Directions for this task
Print the records exactly as they are written.

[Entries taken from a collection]
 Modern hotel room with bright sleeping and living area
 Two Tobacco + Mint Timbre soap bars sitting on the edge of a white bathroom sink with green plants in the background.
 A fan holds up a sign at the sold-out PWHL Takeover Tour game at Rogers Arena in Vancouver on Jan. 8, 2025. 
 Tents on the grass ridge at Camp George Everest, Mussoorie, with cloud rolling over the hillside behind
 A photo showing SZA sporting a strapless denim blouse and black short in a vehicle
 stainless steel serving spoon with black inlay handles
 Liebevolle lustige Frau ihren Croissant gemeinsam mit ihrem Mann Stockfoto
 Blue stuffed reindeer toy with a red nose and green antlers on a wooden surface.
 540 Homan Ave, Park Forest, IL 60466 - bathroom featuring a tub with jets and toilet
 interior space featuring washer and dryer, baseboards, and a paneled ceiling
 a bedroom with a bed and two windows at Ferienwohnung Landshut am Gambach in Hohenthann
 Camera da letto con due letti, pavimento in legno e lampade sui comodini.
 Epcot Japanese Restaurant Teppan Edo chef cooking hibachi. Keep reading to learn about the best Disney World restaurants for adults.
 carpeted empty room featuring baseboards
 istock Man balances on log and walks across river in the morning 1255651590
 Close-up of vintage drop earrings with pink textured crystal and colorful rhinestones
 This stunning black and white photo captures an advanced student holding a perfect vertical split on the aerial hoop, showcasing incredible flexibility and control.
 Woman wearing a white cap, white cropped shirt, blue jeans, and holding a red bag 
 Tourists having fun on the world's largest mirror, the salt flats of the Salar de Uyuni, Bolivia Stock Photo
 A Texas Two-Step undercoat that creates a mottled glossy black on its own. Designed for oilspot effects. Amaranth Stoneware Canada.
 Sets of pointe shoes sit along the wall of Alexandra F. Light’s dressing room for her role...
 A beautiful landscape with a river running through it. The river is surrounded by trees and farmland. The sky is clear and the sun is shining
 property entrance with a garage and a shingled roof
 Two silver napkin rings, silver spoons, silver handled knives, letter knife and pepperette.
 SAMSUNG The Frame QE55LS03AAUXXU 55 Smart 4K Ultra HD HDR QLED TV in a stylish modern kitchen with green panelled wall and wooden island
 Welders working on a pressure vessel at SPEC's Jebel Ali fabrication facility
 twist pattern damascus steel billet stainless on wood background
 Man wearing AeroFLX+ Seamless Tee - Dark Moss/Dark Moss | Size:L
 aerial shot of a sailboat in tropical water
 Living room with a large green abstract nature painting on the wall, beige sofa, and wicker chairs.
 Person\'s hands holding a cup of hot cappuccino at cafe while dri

Task output
 Modern hotel room with bright sleeping and living area
 Two Tobacco + Mint Timbre soap bars sitting on the edge of a white bathroom sink with green plants in the background.
 A fan holds up a sign at the sold-out PWHL Takeover Tour game at Rogers Arena in Vancouver on Jan. 8, 2025. 
 Tents on the grass ridge at Camp George Everest, Mussoorie, with cloud rolling over the hillside behind
 A photo showing SZA sporting a strapless denim blouse and black short in a vehicle
 stainless steel serving spoon with black inlay handles
 Liebevolle lustige Frau ihren Croissant gemeinsam mit ihrem Mann Stockfoto
 Blue stuffed reindeer toy with a red nose and green antlers on a wooden surface.
 540 Homan Ave, Park Forest, IL 60466 - bathroom featuring a tub with jets and toilet
 interior space featuring washer and dryer, baseboards, and a paneled ceiling
 a bedroom with a bed and two windows at Ferienwohnung Landshut am Gambach in Hohenthann
 Camera da letto con due letti, pavimento in legno e lampade sui comodini.
 Epcot Japanese Restaurant Teppan Edo chef cooking hibachi. Keep reading to learn about the best Disney World restaurants for adults.
 carpeted empty room featuring baseboards
 istock Man balances on log and walks across river in the morning 1255651590
 Close-up of vintage drop earrings with pink textured crystal and colorful rhinestones
 This stunning black and white photo captures an advanced student holding a perfect vertical split on the aerial hoop, showcasing incredible flexibility and control.
 Woman wearing a white cap, white cropped shirt, blue jeans, and holding a red bag 
 Tourists having fun on the world's largest mirror, the salt flats of the Salar de Uyuni, Bolivia Stock Photo
 A Texas Two-Step undercoat that creates a mottled glossy black on its own. Designed for oilspot effects. Amaranth Stoneware Canada.
 Sets of pointe shoes sit along the wall of Alexandra F. Light’s dressing room for her role...
 A beautiful landscape with a river running through it. The river is surrounded by trees and farmland. The sky is clear and the sun is shining
 property entrance with a garage and a shingled roof
 Two silver napkin rings, silver spoons, silver handled knives, letter knife and pepperette.
 SAMSUNG The Frame QE55LS03AAUXXU 55 Smart 4K Ultra HD HDR QLED TV in a stylish modern kitchen with green panelled wall and wooden island
 Welders working on a pressure vessel at SPEC's Jebel Ali fabrication facility
 twist pattern damascus steel billet stainless on wood background
 Man wearing AeroFLX+ Seamless Tee - Dark Moss/Dark Moss | Size:L
 aerial shot of a sailboat in tropical water
 Living room with a large green abstract nature painting on the wall, beige sofa, and wicker chairs.
 Person\'s hands holding a cup of hot cappuccino at cafe while dri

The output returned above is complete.